(Recorded data)

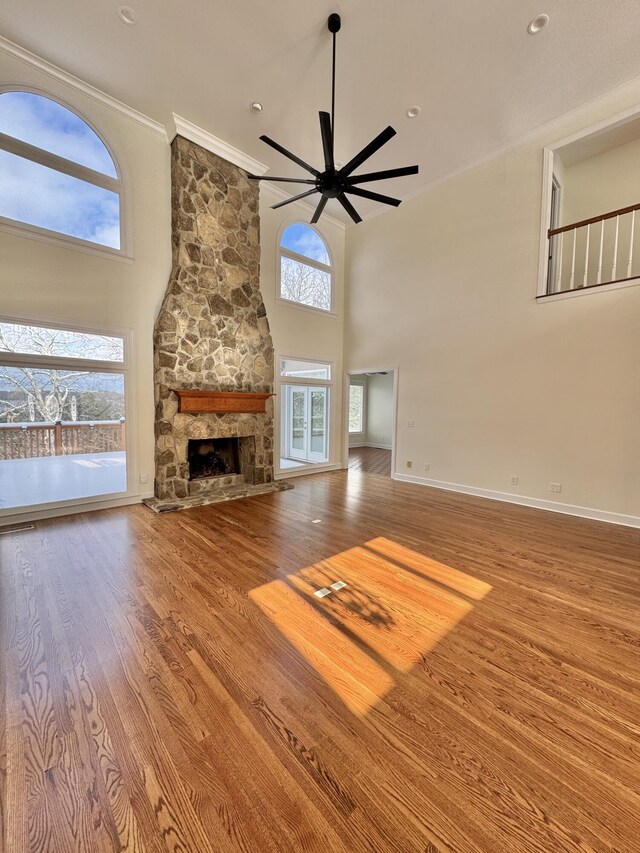 unfurnished living room featuring hardwood / wood-style floors, a healthy amount of sunlight, a stone fireplace, and a towering ceiling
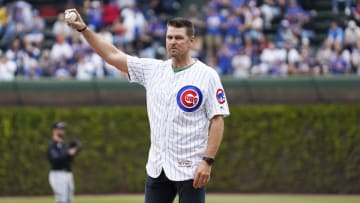 May 6, 2023; Chicago, Illinois, USA; Former Chicago Cubs pitcher Kerry Wood throws out a ceremonial first pitch on the twenty year anniversary of his twenty strike out game against the Houston Astros. at Wrigley Field.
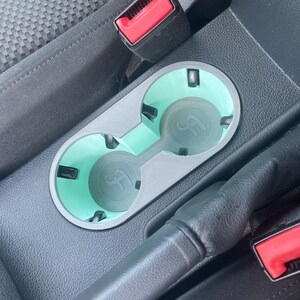 May include: A close-up of a car's center console with two cup holders. The cup holders are made of gray plastic and have a light blue liner. The cup holders are empty.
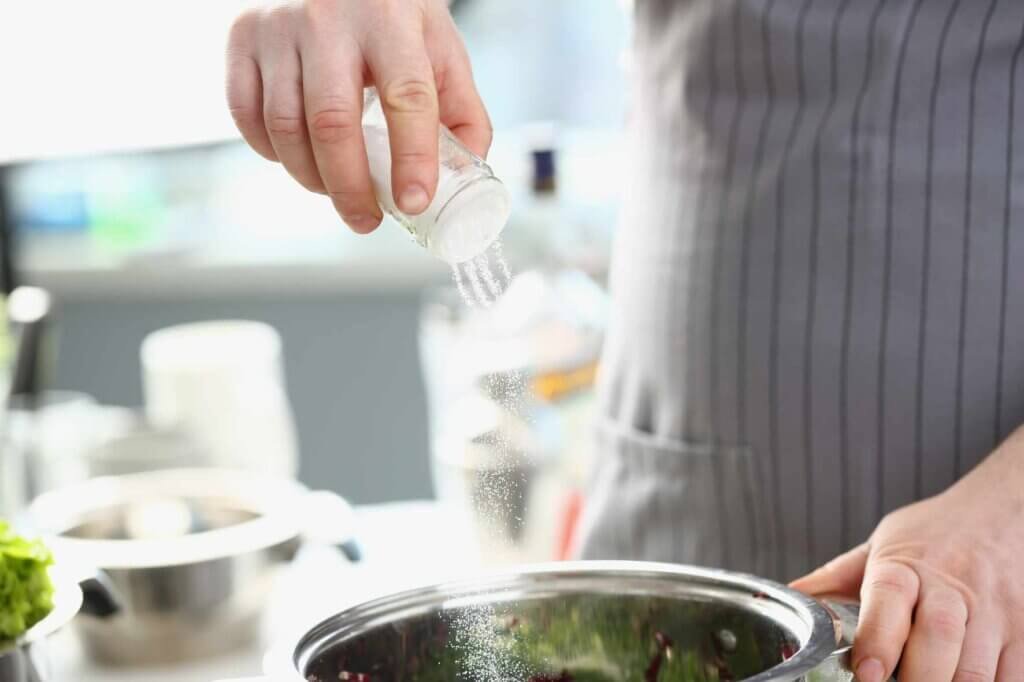 Chef adding salt gradually to a saucepan while seasoning a sauce, demonstrating the importance of tasting and seasoning in stages.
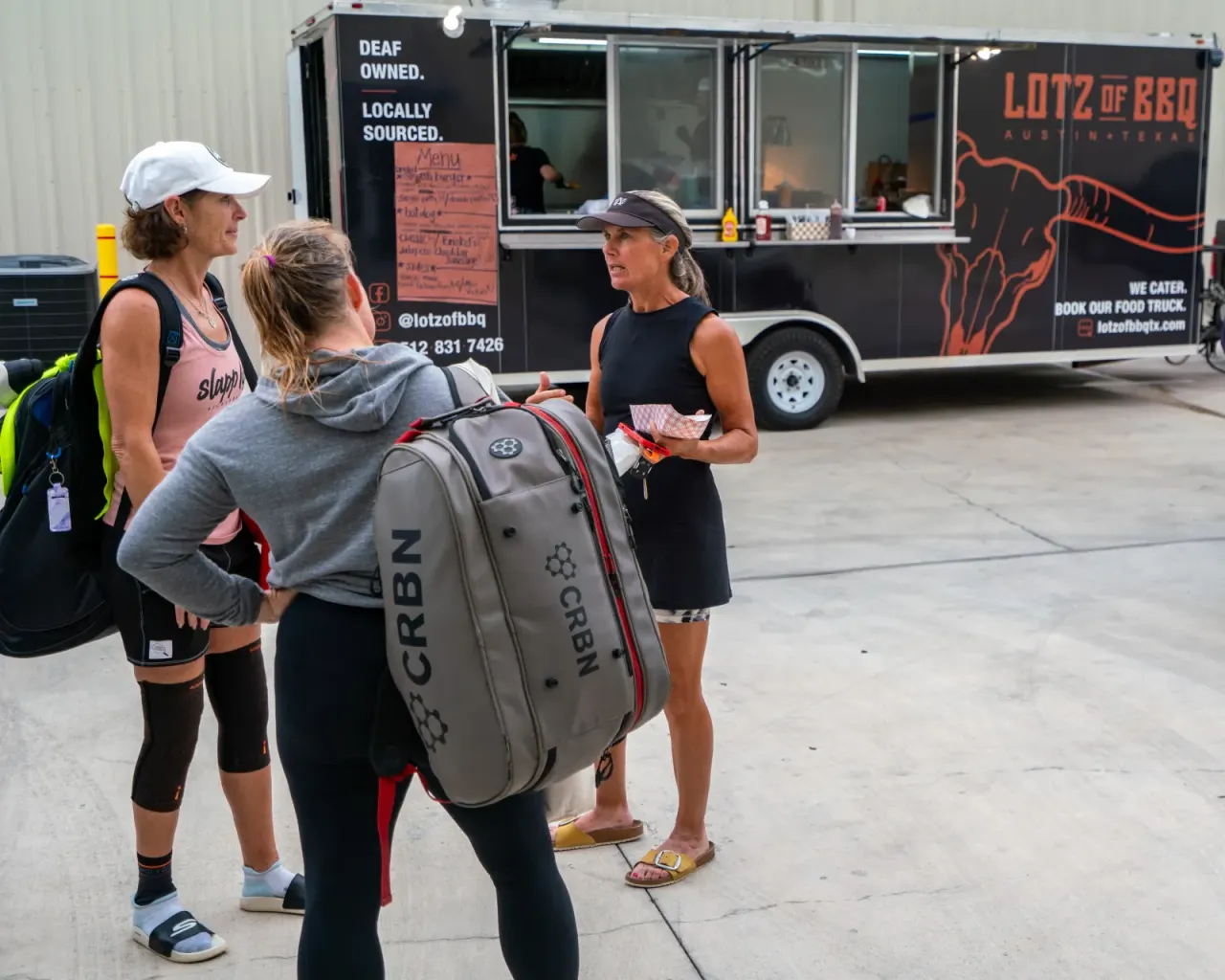 Players chat by the Lotz of BBQ food truck at an event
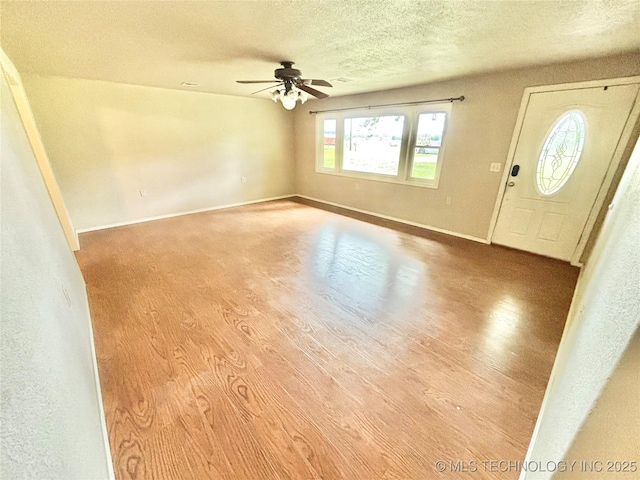 106 E Elk Rd, Whitefield, OK 74472 - foyer entrance featuring wood finished floors, a textured ceiling, and ceiling fan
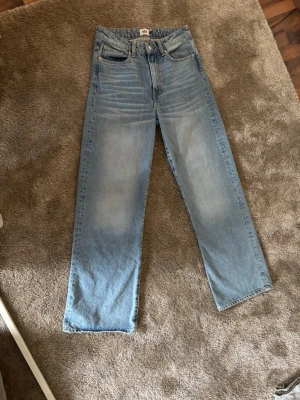 Två par raka jeans i olika tvättar s, 34 - Säljer två par raka jeans, ett par i ljusblå tvätt och  hög midja (Lager157 s), och ett par i ljusgrå tvätt med låg midja (Gina Perfect jeans 34). Båda har klassisk femficksdesign och är tillverkade i bomullsdenim. Perfekta för en avslappnad och trendig look. Bägge för 150kr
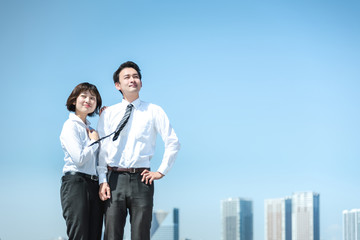 腰に手を当ててポーズをとる男性と女性（ビジネスイメージ）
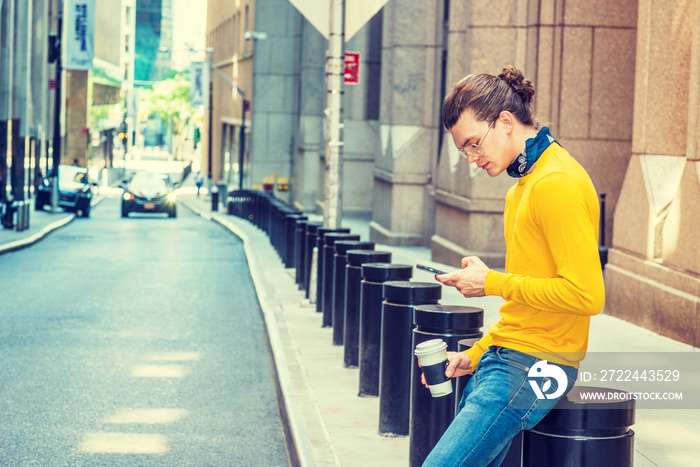 Working Break. Young Hispanic American with hair bun, wearing glasses, yellow long sleeve T shirt, blue jeans, small black scarf around neck, holding cup of coffee, sitting on street, texting..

Assigned task
Drop the images and repeat the data exactly.

Exercise solution
 unfurnished living room featuring hardwood / wood-style floors, a healthy amount of sunlight, a stone fireplace, and a towering ceiling
 May 6, 2023; Chicago, Illinois, USA; Former Chicago Cubs pitcher Kerry Wood throws out a ceremonial first pitch on the twenty year anniversary of his twenty strike out game against the Houston Astros. at Wrigley Field.
 May include: A close-up of a car's center console with two cup holders. The cup holders are made of gray plastic and have a light blue liner. The cup holders are empty.
 Chef adding salt gradually to a saucepan while seasoning a sauce, demonstrating the importance of tasting and seasoning in stages.
 Players chat by the Lotz of BBQ food truck at an event
 106 E Elk Rd, Whitefield, OK 74472 - foyer entrance featuring wood finished floors, a textured ceiling, and ceiling fan
 Två par raka jeans i olika tvättar s, 34 - Säljer två par raka jeans, ett par i ljusblå tvätt och  hög midja (Lager157 s), och ett par i ljusgrå tvätt med låg midja (Gina Perfect jeans 34). Båda har klassisk femficksdesign och är tillverkade i bomullsdenim. Perfekta för en avslappnad och trendig look. Bägge för 150kr
 腰に手を当ててポーズをとる男性と女性（ビジネスイメージ）
 Working Break. Young Hispanic American with hair bun, wearing glasses, yellow long sleeve T shirt, blue jeans, small black scarf around neck, holding cup of coffee, sitting on street, texting..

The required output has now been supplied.